### Material to process ###

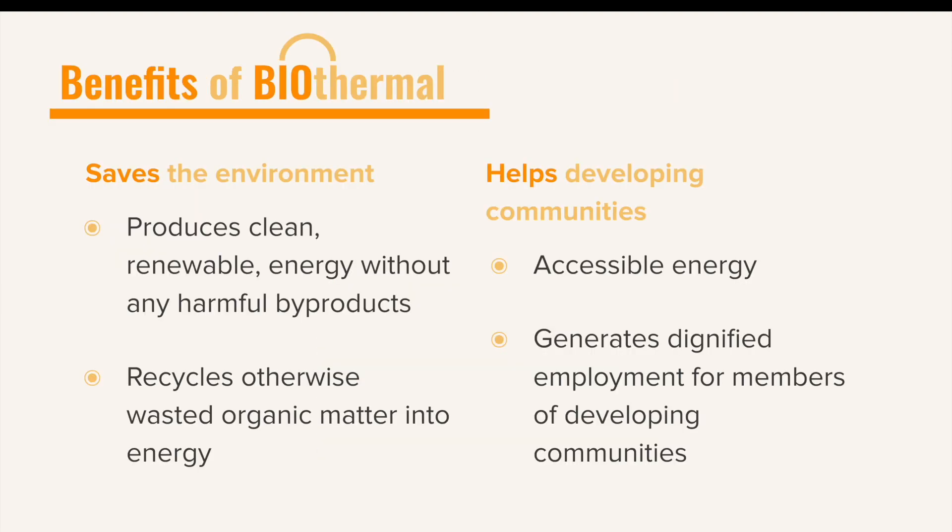Some of the many benefits of biothermal are that it produces energy without emitting any harmful fumes or byproducts into the atmosphere, while also reusing otherwise wasted and harmful matter and turning it into energy. This is why biothermal is a much greener way of creating energy. Our system will also give developing communities access to green electricity and provide members of those communities with many job opportunities to run the biothermal facility, setting those communities up to grow into fully self-sustainable ones.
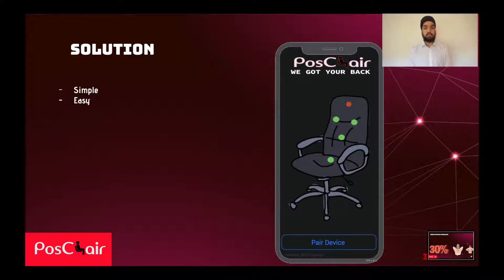We have designed the app to be as simple as possible so it is suitable for as many people as possible. Prototypes of the app can be seen on the screen now, highlighting its simplicity. The app will have an easy pairing system and a method to see results after the chair has been used.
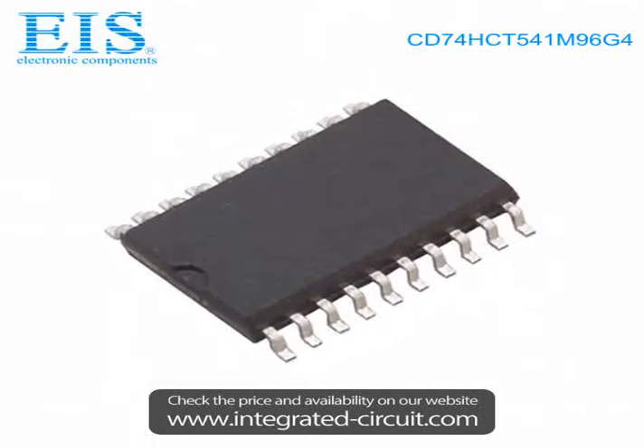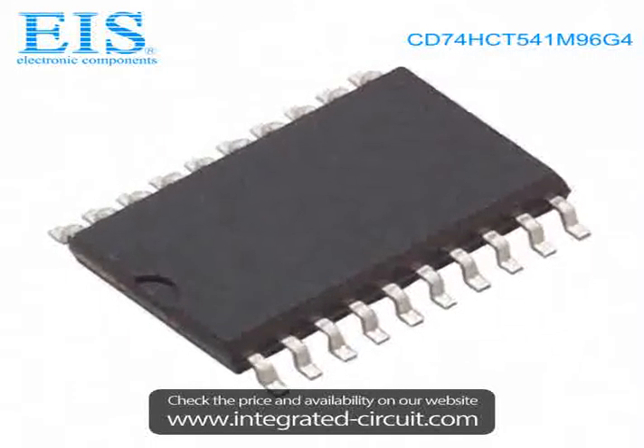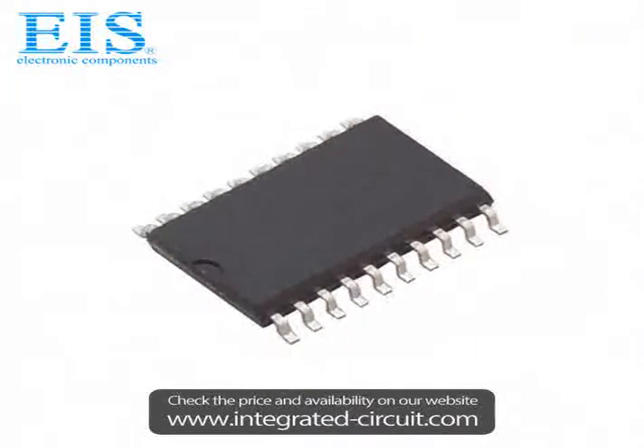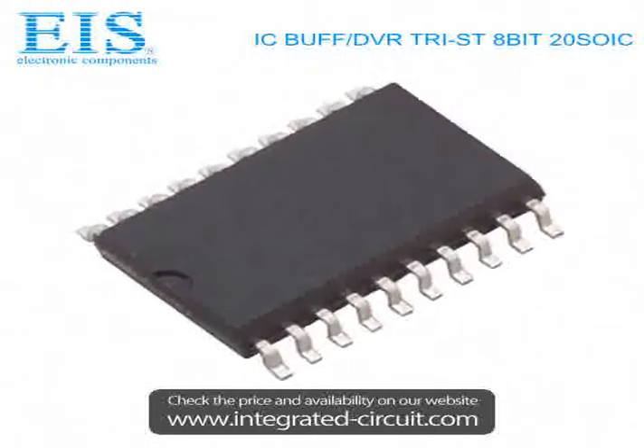Hello, this is Tams from Excellent Integrated System Limited. We are a professional stocking distributor of electronic components. We have many components in stock which can be shipped immediately after order.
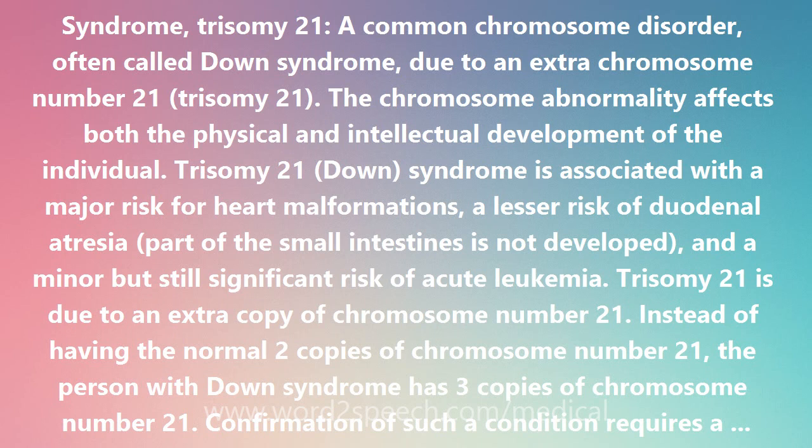Trisomy 21 — Down syndrome is associated with a major risk for heart malformations, a lesser risk of duodenal atresia (where part of the small intestines is not developed), and a minor but still significant risk of acute leukemia.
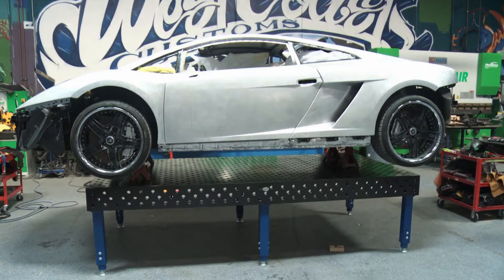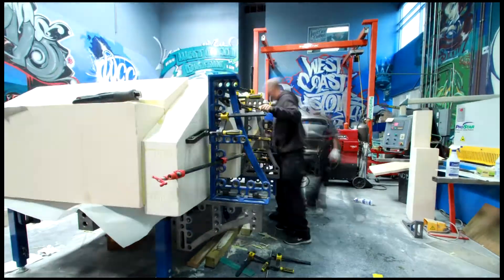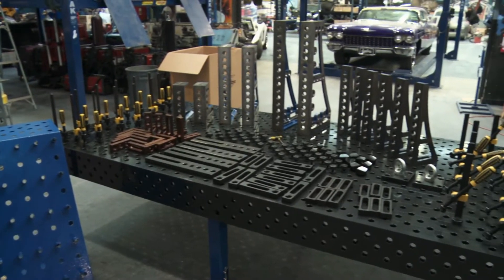The cool thing about this table is whether you're building a full car — it can withhold its weight — or if we're doing composites on it, we can fabricate on there as well. Honestly, in the shop, this is really the focal point of our fabrication shop because it all stops right here at this table.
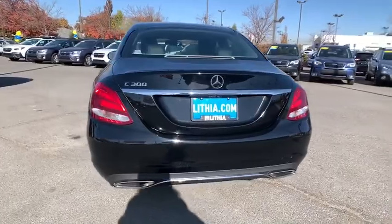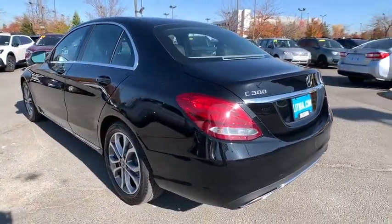This vehicle has less than 25,000 miles. Here are some of this vehicle's great options.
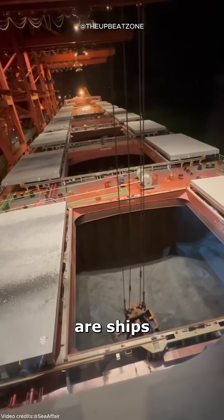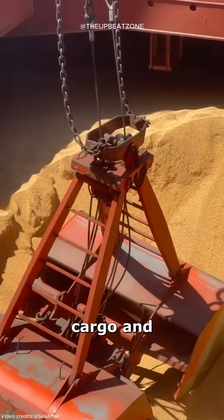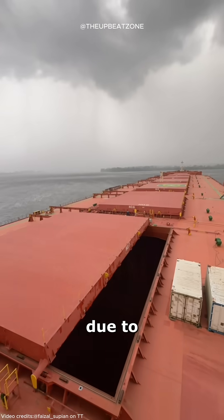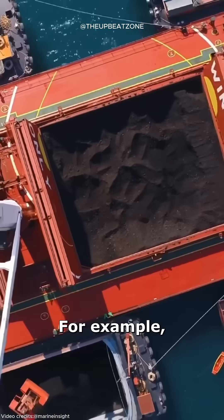Did you know that bulk carriers are ships specifically designed to transport both heavy industrial cargo and sensitive goods like grain? This versatility is primarily due to the economic losses that can occur when sailing empty. For example,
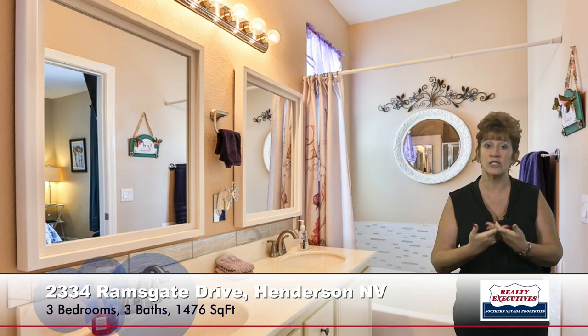Now let's look at one of the secondary bedrooms. Notice that it's a very nice large space. We also have a nice secondary bathroom upstairs. Notice the custom mirrors, upgraded fixtures, a nice big sink, and very nice upgraded countertops.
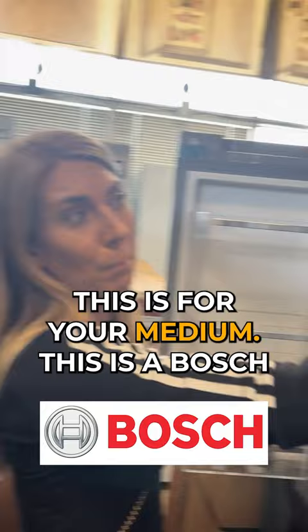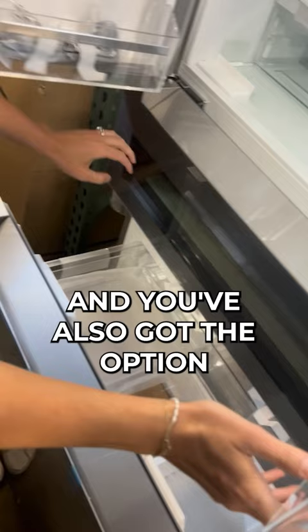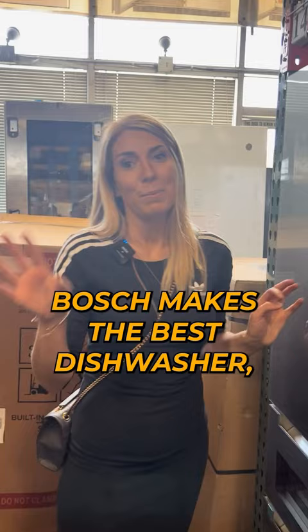This is for your medium — this is a Bosch fridge. You've got the double doors and the freezer down below, and you've also got the option right here for your wine. This is like a side note, but Bosch makes the best dishwasher.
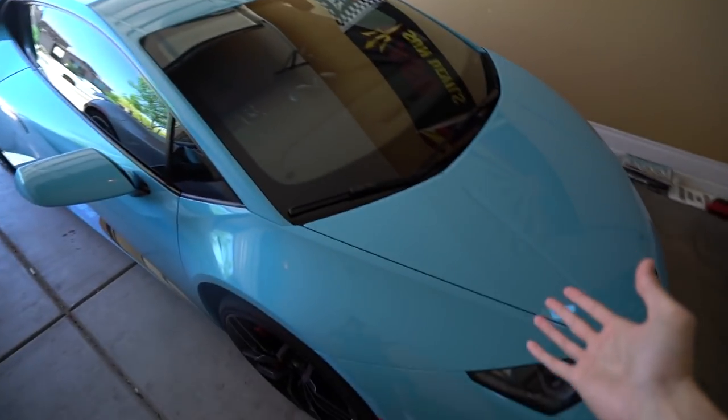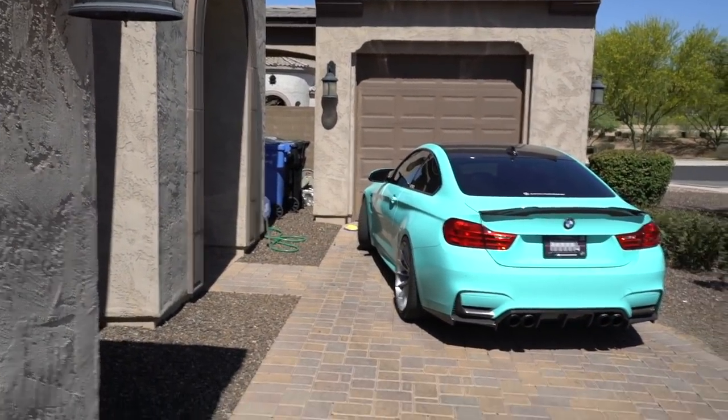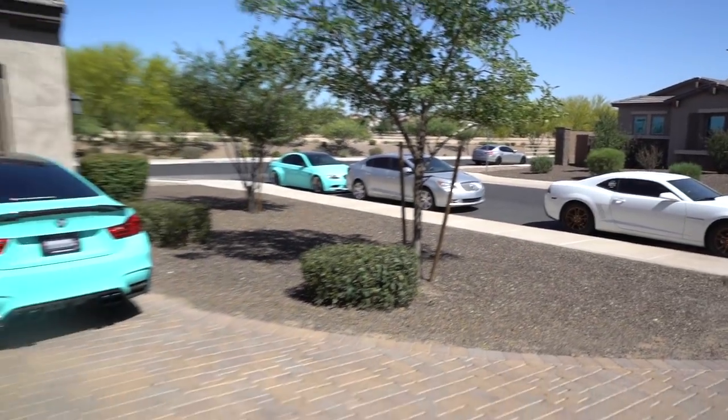Can you guys see what's missing? Alright, so we got the McLaren, the Huracan, and we have the GTR, and we all know the GT3RS is there. And Maserati's over there. But where's my M3?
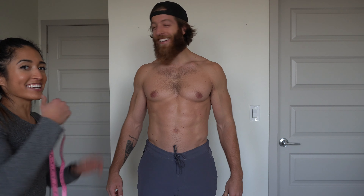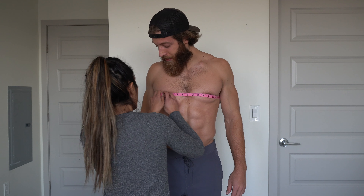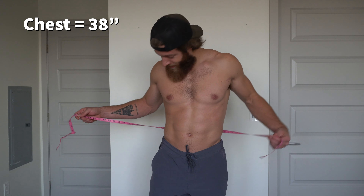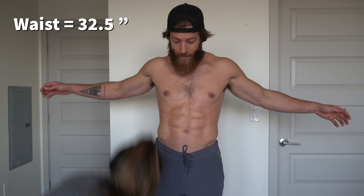Generally on my dating profile it says 6'1" or 6'2" — it's really 5'11". Let's be real. My chest is 38 inches, and my waist is 32 and a half.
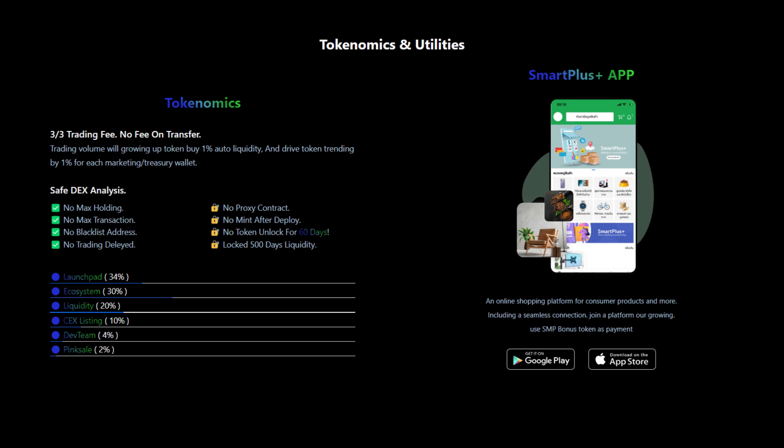The Smart Plus app is an online shopping platform for consumer products and more, including a seamless connection. Join this platform now and use S&P bonus token as payment.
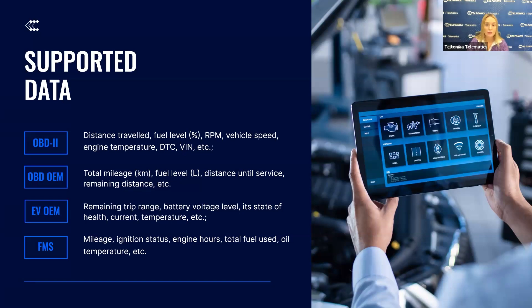For heavy duty vehicles like trucks and buses, we have expanded our FMS data reading abilities, which now provide critical insights such as mileage, ignition status, engine hours, total fuel used, and oil temperature. This new FMS integration is particularly useful for large logistics companies, public transportation fleets, and any businesses relying on heavy vehicles.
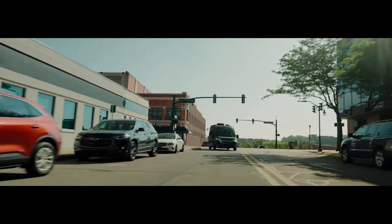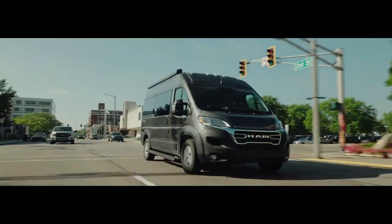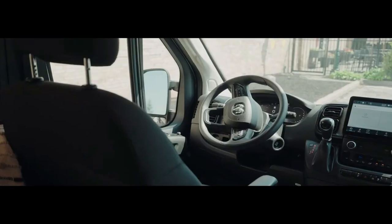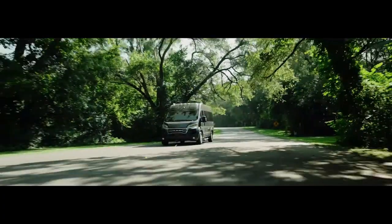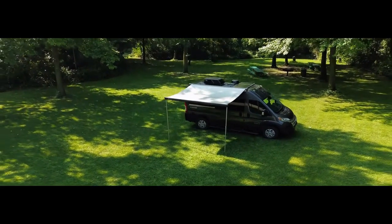Everything you need for your next big adventure. Built on the reliable Ram Promaster 1500 window van with 136 inch wheelbase, the Jayco Comet is a Class B camper van. Escape your everyday and take in the great outdoors with the Jayco Comet Class B.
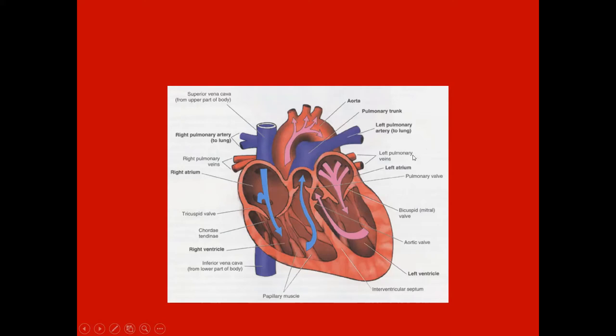It's oxygenated, comes back into the pulmonary veins on each side, into the left atrium, through the mitral or bicuspid valve, into the left ventricle, and then out the aortic semilunar valve to go out to the body through the aorta and aortic arch. These go to the head and arms, descend through the mediastinum, pierce the diaphragm, and feed the rest of the body.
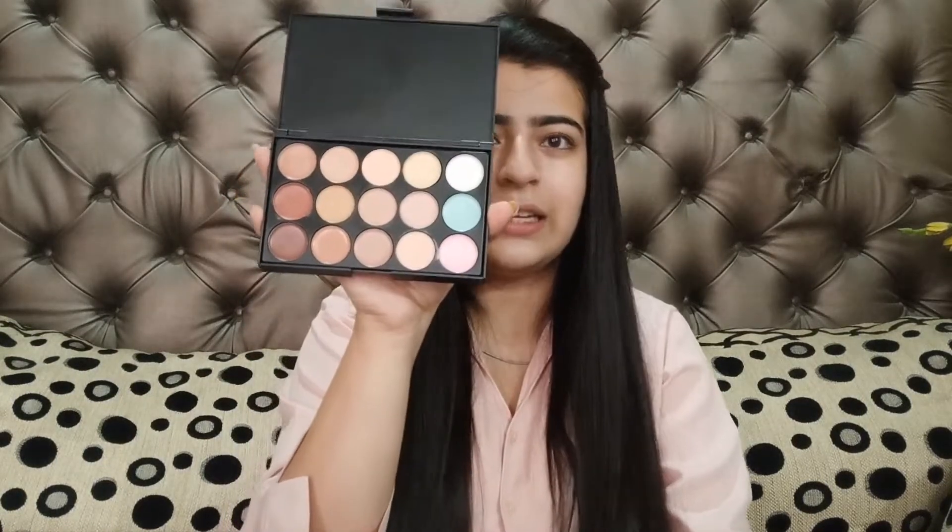Here is this big box full of stuff and I'm super excited to show you all. To all the girls out there who are entering college or starting their jobs, this is going to be very helpful. The very first thing — let's start with a primer. This is the primer by Mayo, a cream-based primer that gives a dewy finish, gets absorbed easily into the skin, and gives you a sheer glittery glow.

###

To do.
I would like the exact lines from the data above, starting with the one that holds "This vehicle has" and going on through the one that holds "It's oxygenated, comes", without the pictures.

Expected output.
This vehicle has less than 25,000 miles. Here are some of this vehicle's great options.
Did you know that bulk carriers are ships specifically designed to transport both heavy industrial cargo and sensitive goods like grain? This versatility is primarily due to the economic losses that can occur when sailing empty. For example,
Now let's look at one of the secondary bedrooms. Notice that it's a very nice large space. We also have a nice secondary bathroom upstairs. Notice the custom mirrors, upgraded fixtures, a nice big sink, and very nice upgraded countertops.
This is for your medium — this is a Bosch fridge. You've got the double doors and the freezer down below, and you've also got the option right here for your wine. This is like a side note, but Bosch makes the best dishwasher.
Can you guys see what's missing? Alright, so we got the McLaren, the Huracan, and we have the GTR, and we all know the GT3RS is there. And Maserati's over there. But where's my M3?
Generally on my dating profile it says 6'1" or 6'2" — it's really 5'11". Let's be real. My chest is 38 inches, and my waist is 32 and a half.
The Smart Plus app is an online shopping platform for consumer products and more, including a seamless connection. Join this platform now and use S&P bonus token as payment.
For heavy duty vehicles like trucks and buses, we have expanded our FMS data reading abilities, which now provide critical insights such as mileage, ignition status, engine hours, total fuel used, and oil temperature. This new FMS integration is particularly useful for large logistics companies, public transportation fleets, and any businesses relying on heavy vehicles.
Everything you need for your next big adventure. Built on the reliable Ram Promaster 1500 window van with 136 inch wheelbase, the Jayco Comet is a Class B camper van. Escape your everyday and take in the great outdoors with the Jayco Comet Class B.
It's oxygenated, comes back into the pulmonary veins on each side, into the left atrium, through the mitral or bicuspid valve, into the left ventricle, and then out the aortic semilunar valve to go out to the body through the aorta and aortic arch. These go to the head and arms, descend through the mediastinum, pierce the diaphragm, and feed the rest of the body.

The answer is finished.